EXERCISE INSTRUCTIONS –
Give an exact reproduction of the lines from the one with "El Paso catcher" to the final line of the entries below, both ends included, and omit the pictures.

DATA FOR THE TASK –

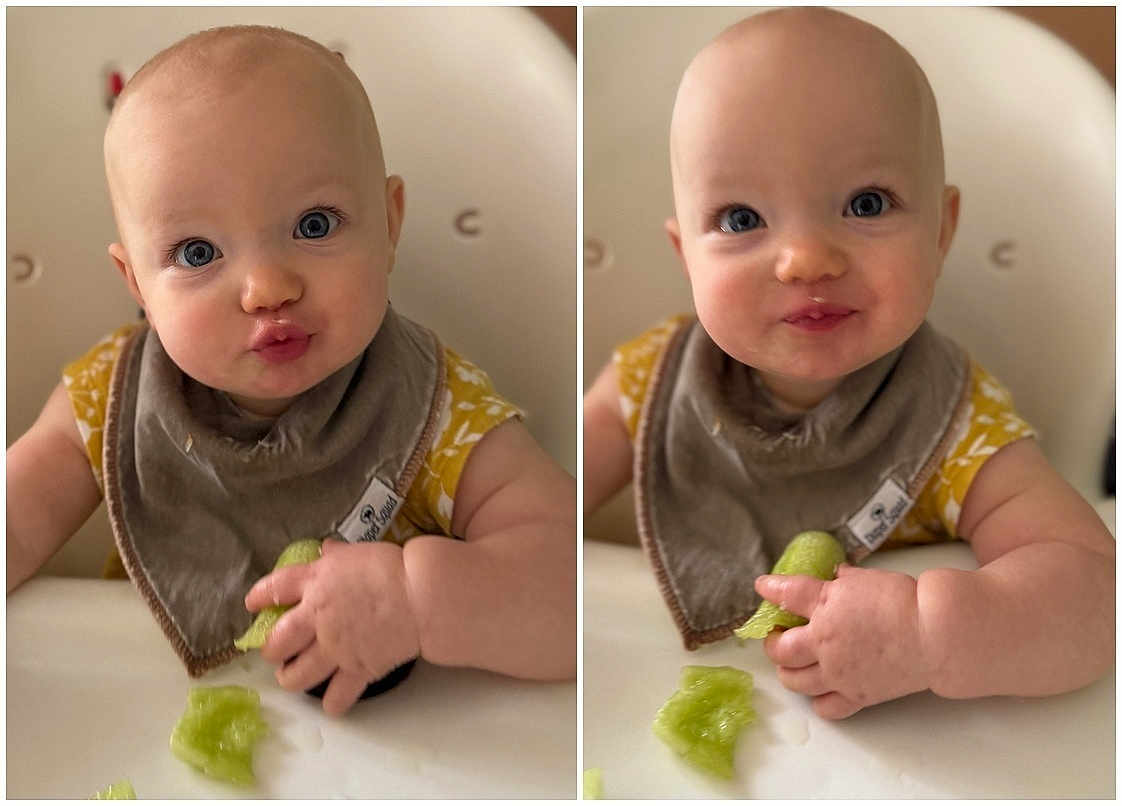 Emilia joined the competition — help win amazing prizes! baby, child, infant, blue_eyes, bib, food, green_food, high_chair, cute, smiling, playful, hands, face, table, eating, indoor, portrait, expression, closeup, person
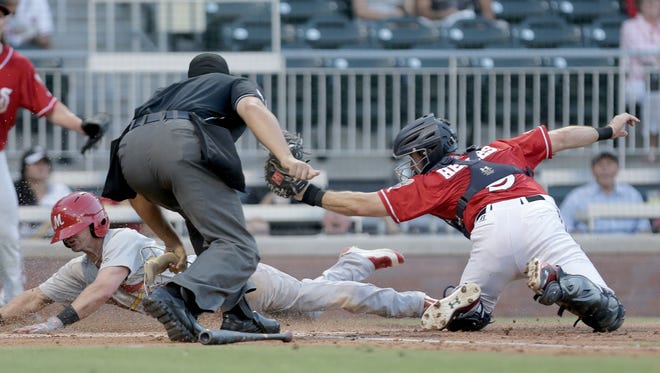 El Paso catcher Austin Hedges follows through after tagging Memphis base runner Harrison Bader at home plate Thursday. Bader was called safe. 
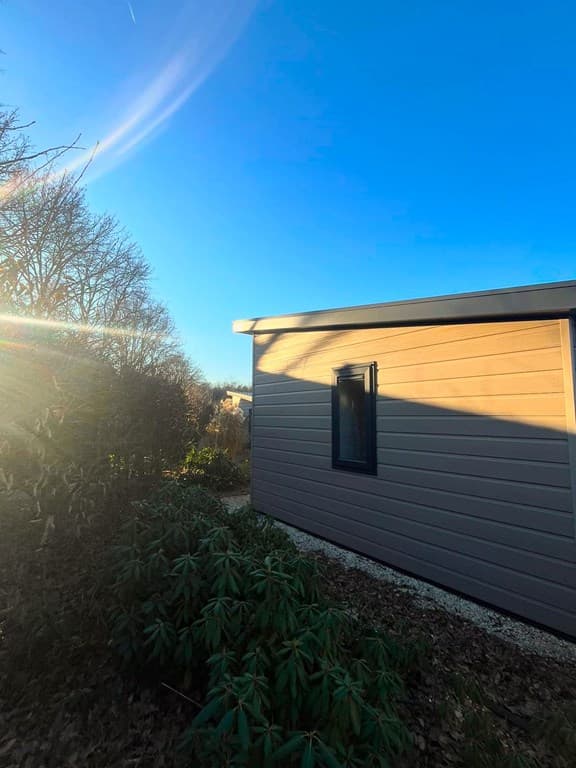 Zijaanzicht van een woning met een blauwe hemel en zonneschijn, omgeven door bomen en groene planten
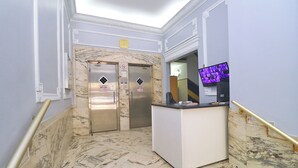 A marble-floored lobby with elevators, a reception desk, and a television screen. - MZ Apartments Prado I (Rio de Janeiro)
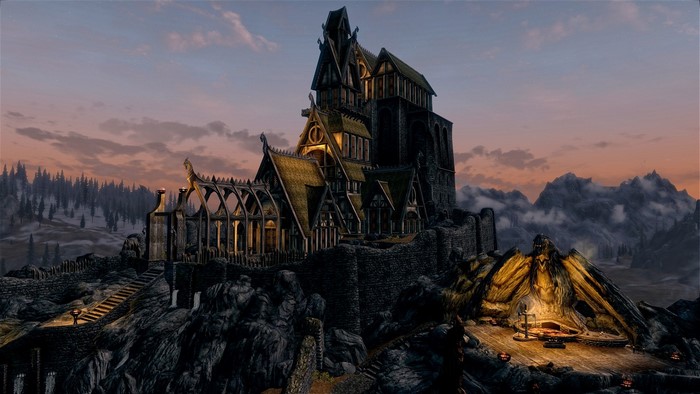 Castle on a rocky mountain at dusk
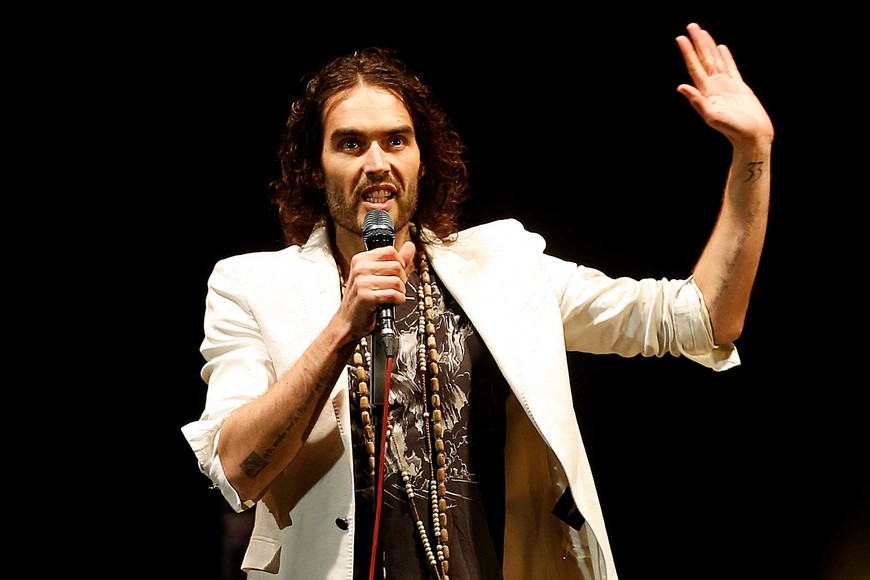FILE PHOTO: British comedian Russell Brand performs at his Messiah Complex show at Brixton Academy in London March 9, 2014. REUTERS/Olivia Harris/File Photo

EXERCISE ANSWER –
 El Paso catcher Austin Hedges follows through after tagging Memphis base runner Harrison Bader at home plate Thursday. Bader was called safe. 
 Zijaanzicht van een woning met een blauwe hemel en zonneschijn, omgeven door bomen en groene planten
 A marble-floored lobby with elevators, a reception desk, and a television screen. - MZ Apartments Prado I (Rio de Janeiro)
 Castle on a rocky mountain at dusk
FILE PHOTO: British comedian Russell Brand performs at his Messiah Complex show at Brixton Academy in London March 9, 2014. REUTERS/Olivia Harris/File Photo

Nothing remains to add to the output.